__What you should do__
With the images removed, return every line below exactly as it reads.

__Excerpted records__
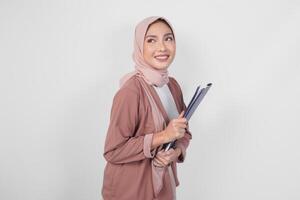 elegante asiático mujer vistiendo hijab participación documento sonriente felizmente aislado por blanco antecedentes. foto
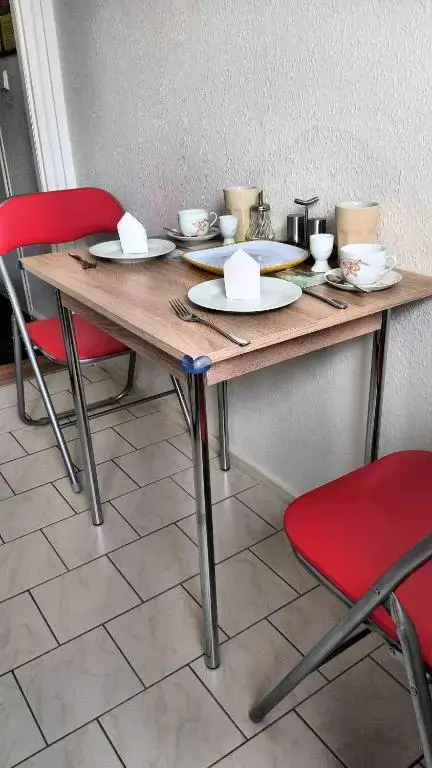 Une table est dressée pour le petit-déjeuner avec de la vaisselle et des couverts.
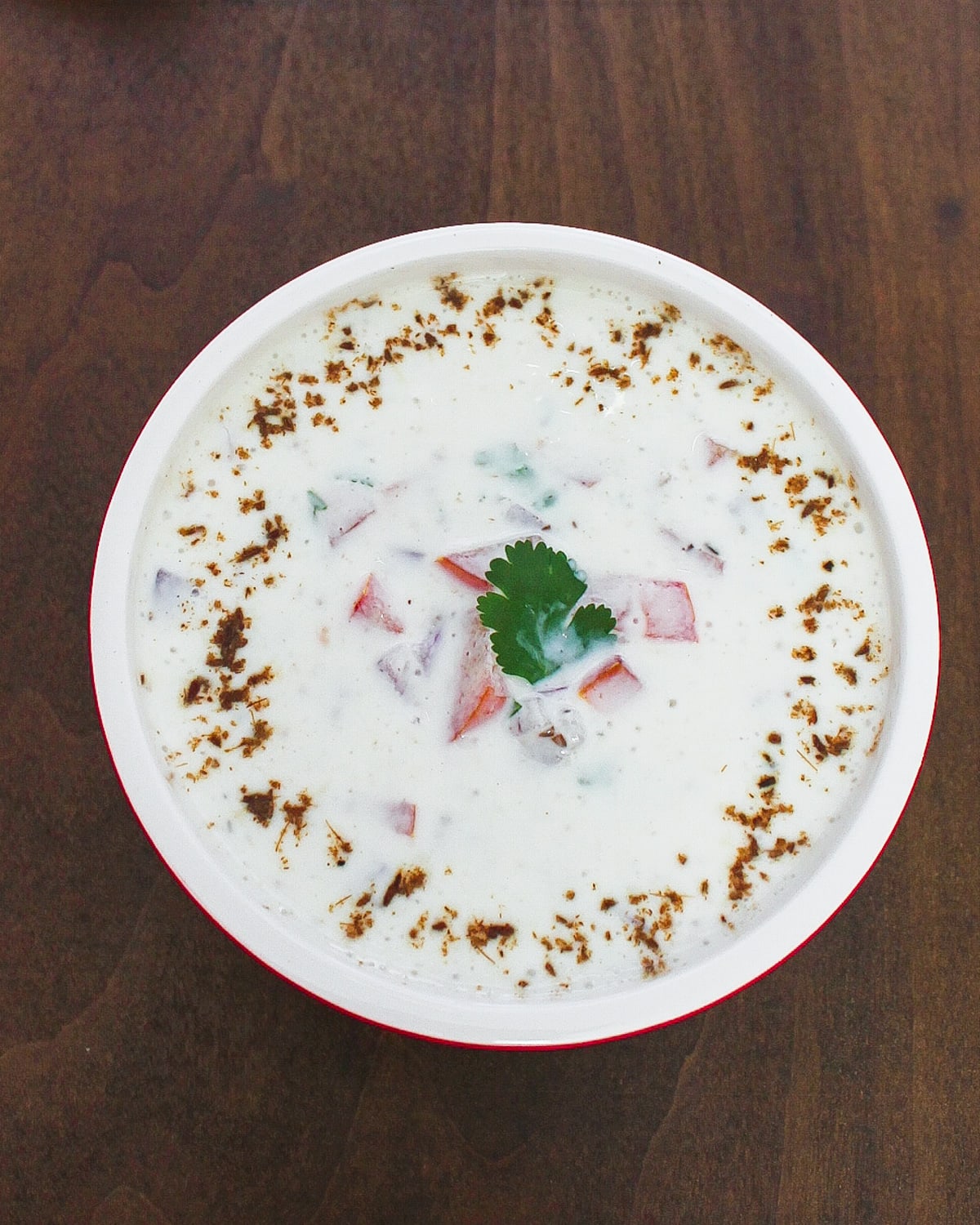 Onion tomato raita served in a bowl that is garnished with cilantro and spice powder.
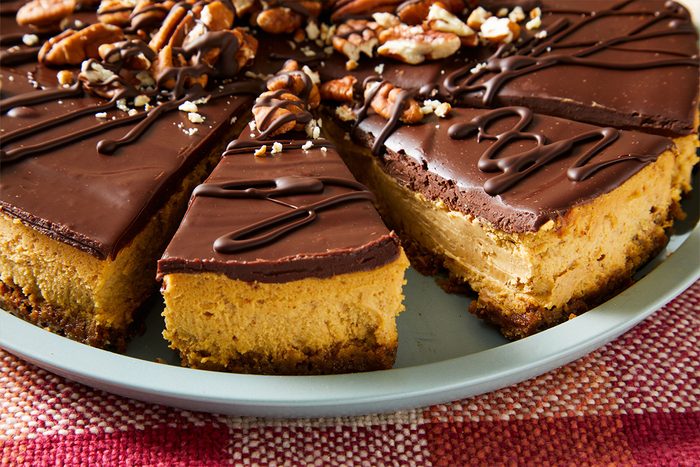 3/4 Close-up of the sliced Gingerbread Cheesecake, highlighting the smooth filling, thick crust, and glossy chocolate topping with pecans.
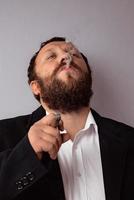 Bearded man in modern coat and shirt smoking his cigar photo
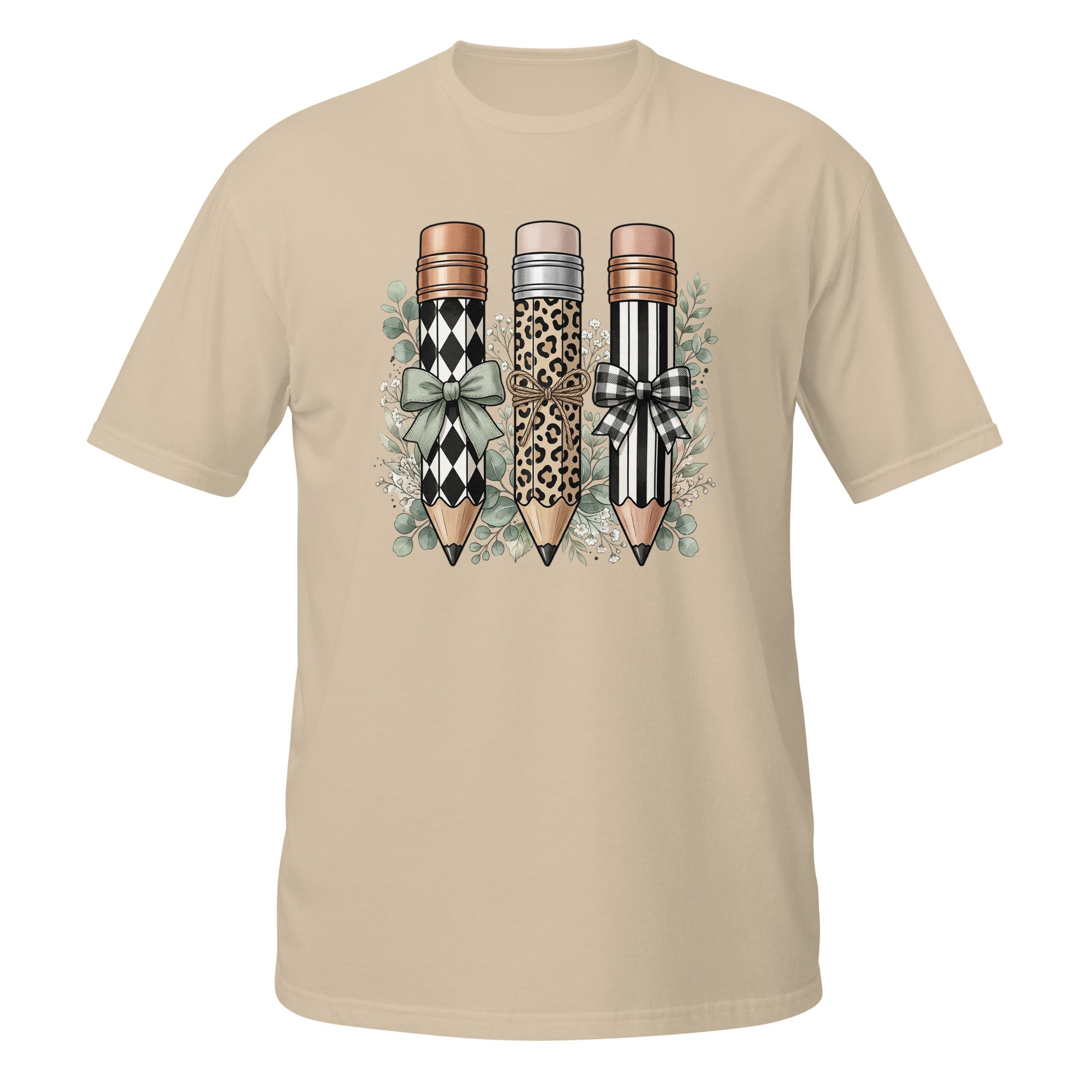 A beige short-sleeve crewneck t-shirt featuring a graphic print of three decorative pencils with diamond, leopard, and striped patterns, accented with bows and green leaves.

__Answer to this task__
 elegante asiático mujer vistiendo hijab participación documento sonriente felizmente aislado por blanco antecedentes. foto
 Une table est dressée pour le petit-déjeuner avec de la vaisselle et des couverts.
 Onion tomato raita served in a bowl that is garnished with cilantro and spice powder.
 3/4 Close-up of the sliced Gingerbread Cheesecake, highlighting the smooth filling, thick crust, and glossy chocolate topping with pecans.
 Bearded man in modern coat and shirt smoking his cigar photo
 A beige short-sleeve crewneck t-shirt featuring a graphic print of three decorative pencils with diamond, leopard, and striped patterns, accented with bows and green leaves.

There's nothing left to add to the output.